Meu carro tem MP3, apesar de ser de 2006. Mas acredita que ainda ouço muito CD nele? É que quando pego um CD, aquele CD, é como se eu me preparasse para ouvir só aquilo. É um ritual.
Hoje, voltando ao assunto, qualquer pessoa com capacidade técnica e disposição adquire uma fresa CNC por cerca de uns 500 mil dólares, e consegue mandar brasa num relógio. Talvez por isso a profusão de fábricas totalmente obscuras que vemos hoje. São os produtores de música de fundo de quintal... Tem que se sobressair. E mesmo quando se sobressai, você começa a questionar.

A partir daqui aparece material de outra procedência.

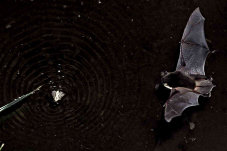Wasserfledermaus im Anflug auf badende Motte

Pô, preferia saber que o cabra teve uma dificuldade maior em fazer isso, aí você se volta para uma relojoaria mais tradicional, começa a questionar valores e descarta determinadas fábricas. E separa seus "Cds", ou marcas que agregam valor mesmo, seja pela história, etc, para levar para casa.
Os métodos mudam, mas no fundo tudo ainda é "música", relojoaria mecânica, que seja feita com técnicas ultrapassadas ou do presente, continua me fascinando (muito embora nada de música atual me fascine!